Some questions on GPU based sampling (original) (raw)

February 21, 2025, 4:55pm 1

Hi all,

up to now, I was using only CPU based sampling and was somehow hesitant to set up an environment which might support GPU based sampling.

I found the article Set up JAX sampling with GPUs in PyMC which gives some hints about the process of setting up such an environment. However, the article is not the newest and might not reflect current versions and developments.

I just ordered a new PC with an RTX 5070 Ti, which as far as I know requires CUDA 12.0.

I now have the following questions:

Which sampling library currently is the “state of the art” library for usage with PyMC to empower GPU based sampling? jax? numpyro? Others?
Is CUDA 12.0 - to your knowledge - supported by these samplers?
If so, do you expect any problems with using such a “new” GPU version like the RTX 5070 Ti?

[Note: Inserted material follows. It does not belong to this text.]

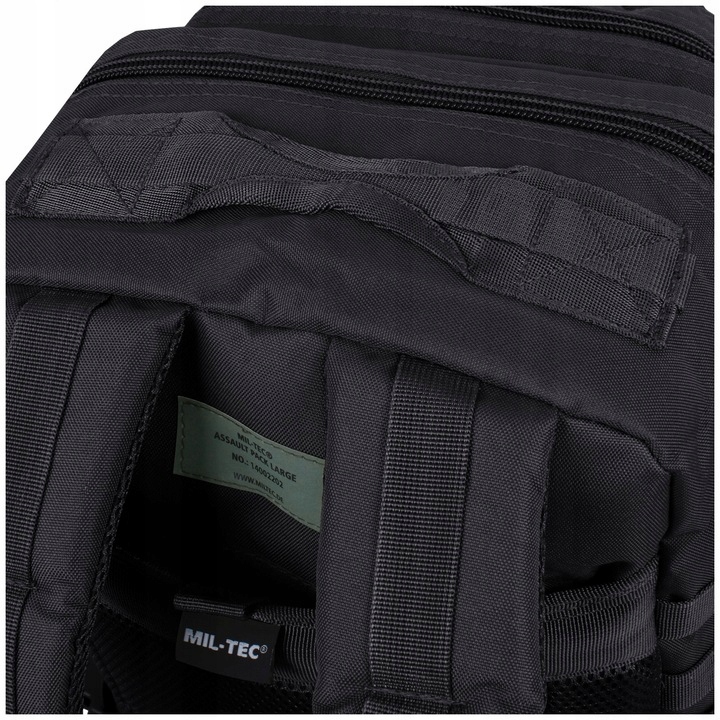 Plecak wojskowy taktyczny militarny Mil-Tec Large Assault Pack 36 l Black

I plan to use the GPU support in a Windows 11 environment, however the jax documentation suggests that this is still not possible natively, so I would have to use WSL like described in the above mentioned article. Is there any option to use a GPU based sampler on Windows natively?

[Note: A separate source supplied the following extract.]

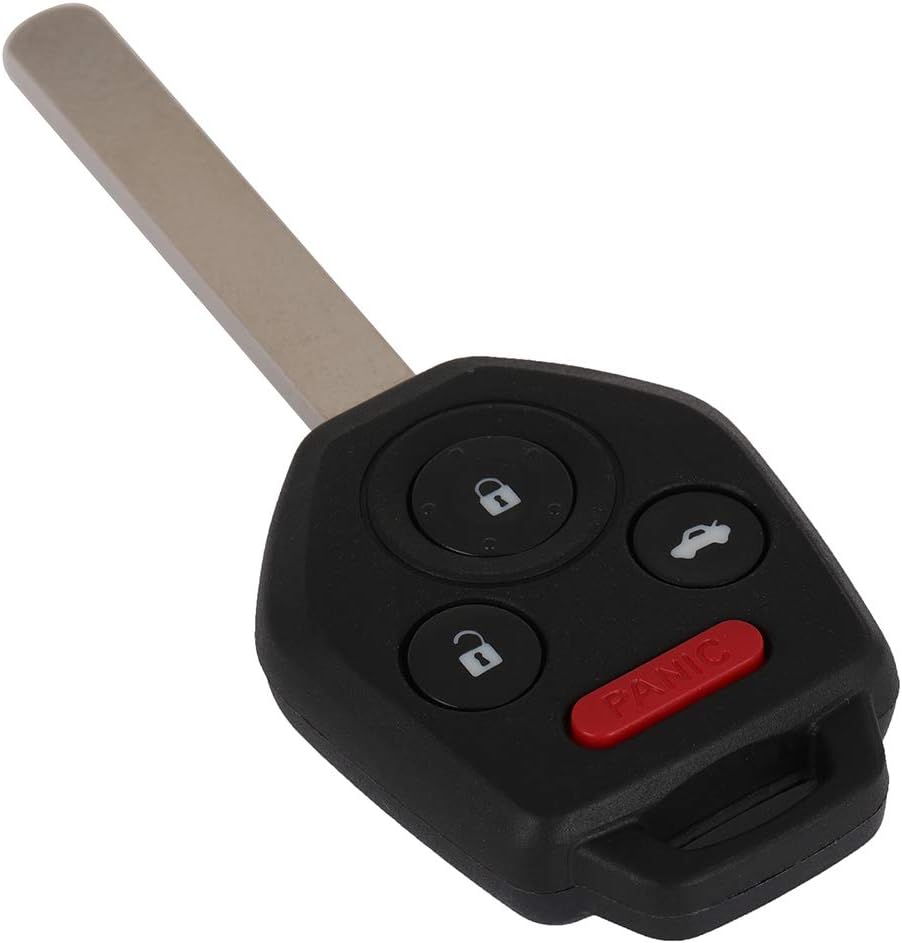 4 Buttons Keyless Key Fob Remote Control Car Key 315MHz Transmitter Replacement Pack of 2 Z260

Thanks for sharing any experiences. I will give my own report as soon as the PC arrives, which is probably in 2-3 weeks.

Best regards
Matthias

jovank February 22, 2025, 12:08am 2

I started using GPU based sampling with pymc 5.20.1, even tough it was possible before this as well. I have tried it on two different GPUs, an old one with 4GB of VRAM and the GeForce 3090. Furthermore, I am running Ubuntu 24 in WSL on Windows. What worked for me is this:

Install numpyro
pip install numpyro
Install the jax backend with cuda (yes, cuda12 is supported by numpyro and jax)
pip install -U "jax[cuda12]"
Specify the numpyro sampler in pm.samle

trace = pm.sample(
    samples=1000,
    chains=4,
    cores=1, # I set this to 1 because I have one GPU
    nuts_sampler="numpyro",
    nuts_sampler_kwargs={
        "chain_method": "vectorized" # this will run all chains concurrently
                                     # "parallel" is useful if you have
                                     # more devices
    },
    initvals=...,
)

For some reason, I never managed to run the blackjax sampler

When comparing speed, sampling 1000 samples for the model I am working on took:

4 x 10 mins = 40 mins on the GeForce 3090
4 x 1 hour = 4 hours on the older GPU
12 hours on my laptop with an Intel Core I7 1065G7 CPU (surely it is faster on better CPUs than this)

aseyboldt February 22, 2025, 12:58am 3

I am a bit biased, but I would recommend using nutpie instead of numpyro or blackjax. I my experience it outperforms both of those, on both CPU and GPU, but especially on the GPU.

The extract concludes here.